My family celebrated my birthday with all fun and frolic, but I never found myself ever much interested in it.
For me everyday was equally important to me in which I always sought for the same spirit of celebration as others sought on a particular day of the year.
I could never understand how a day separated by a multiple of 365 days from the day you were born could ever have any sort of real connection with it.
I also couldn't understand that even if it had a real connection too, why after all on earth should it still need being celebrated at all!
I tended to live with the facts and not with fiction.
For me all the definition of culture people were so much glamorizing living in was nothing more than all cock and bull stories fabricated in order to boost our socio-cultural ego as a race, as a religion or as a nationality.
For that matter, Hitler was much better in doing so!
For me any cultural celebration was nothing more than romanticizing the past.
I wanted to squeeze my joy out of what I was doing right then and right there.
And why to celebrate what you are enjoying right now?
A celebration is needed only to remember the joy of the past when it is no more there left in the present at all.

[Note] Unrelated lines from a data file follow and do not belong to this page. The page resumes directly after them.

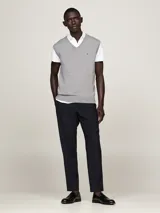 Chaleco gris de punto de algodón con cuello en V, logo de Tommy Hilfiger bordado en el pecho y ribetes en punto canalé. Corte regular.
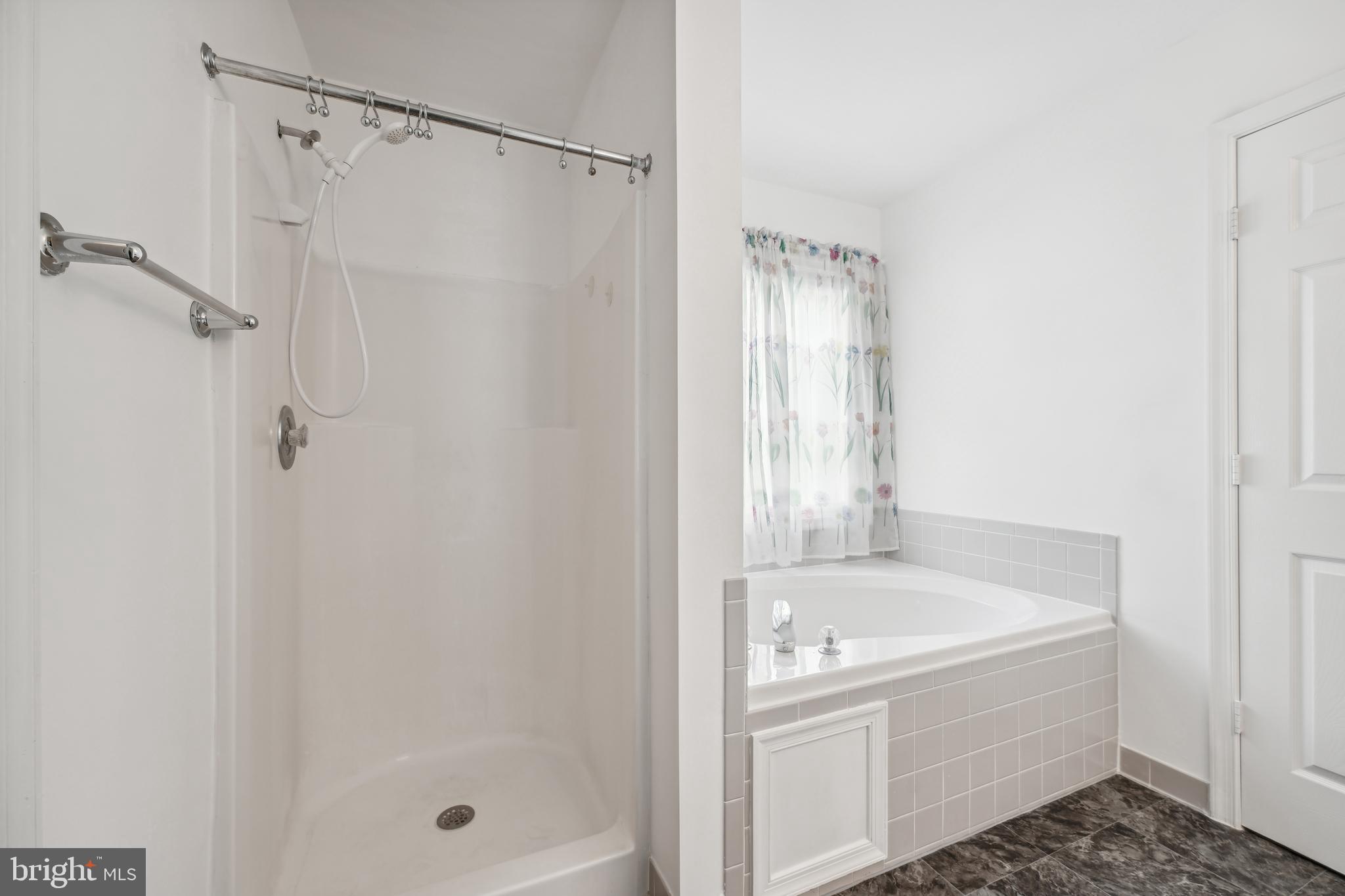 DORCHESTER - ST. CHARLES - Residential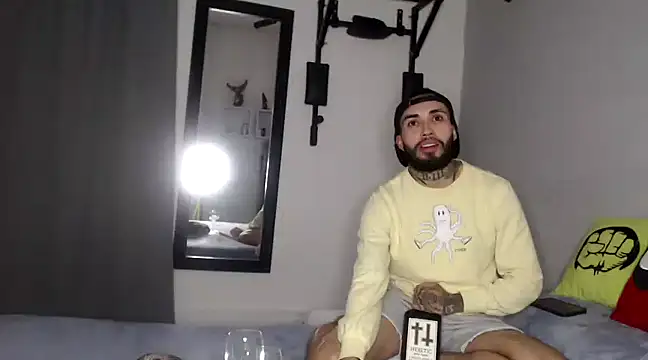 Snapshot of transgenderboy chatting on 03.23.25 transgenderboy online show from 03.23.25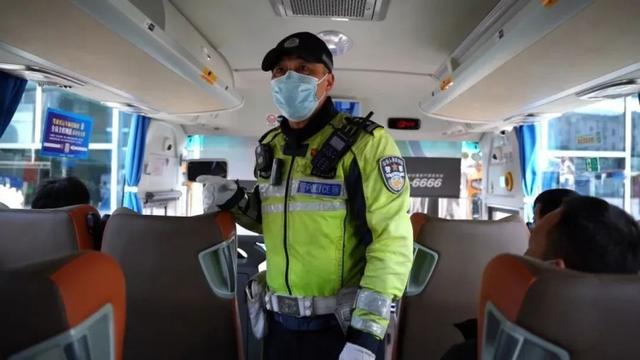 绿荫不减来时路,来看一名即将退休交警的“一肩双挑”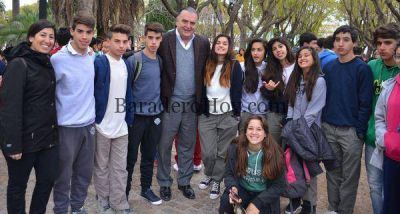 Carossi salud� al primer grupo estudiantil que viaj� a Tecn�polis.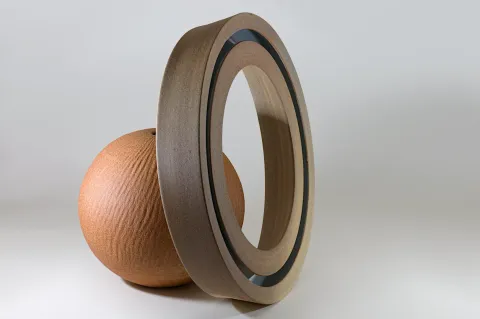 Spherical Vase 3 and Collider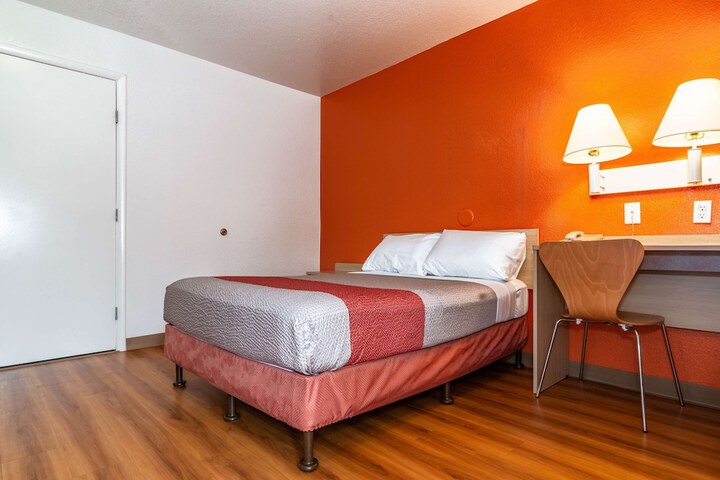 Deluxe Queen Bed (2 of 8)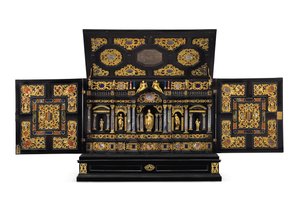 Et Augsburg forgyldt metal, bjergkrystal og pierre dure monteret ibenholt, kongetræ og eboniseret bordskab, ca. 1630-40 af German School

You need an excuse to remind yourself in the form of a celebration that your life was not always as gloomy as it right now is.
But why has your life gone gloomy at all?
I was not ready to live a gloomy life any time, any day; so I never needed remembering my past by celebrating it with any kind of enthusiasm for it.
I never even needed celebrating my present as such too.
If I enjoyed it full by experiencing it in its totality, why do I need celebrating it any more?
It's only when I do not embrace it full that I need others to do so with me.
My definition of culture had no place for any show biz in it.
I remember that when I got married, I had not even a single guest invited by me over there; and after the marriage was over, I sent a telegram to my parents saying - 'Got married'.
In a few hours I got the reply back that said - 'Congratulations'.
The total expenditure that I had incurred in the entire process of getting married was a mere 6 dollars.
And my married life has not been lesser than any other around in any manner!
It is when I never even celebrated a single marriage anniversary of ours till date.
I never needed celebrating the dead past of it, the present being so much more colorful in itself.
I never even said 'I love you' to her after I said it once and forever!
My action says so and if action doesn't say, even a thousand words cannot!
My definition of culture is action, and not its celebration.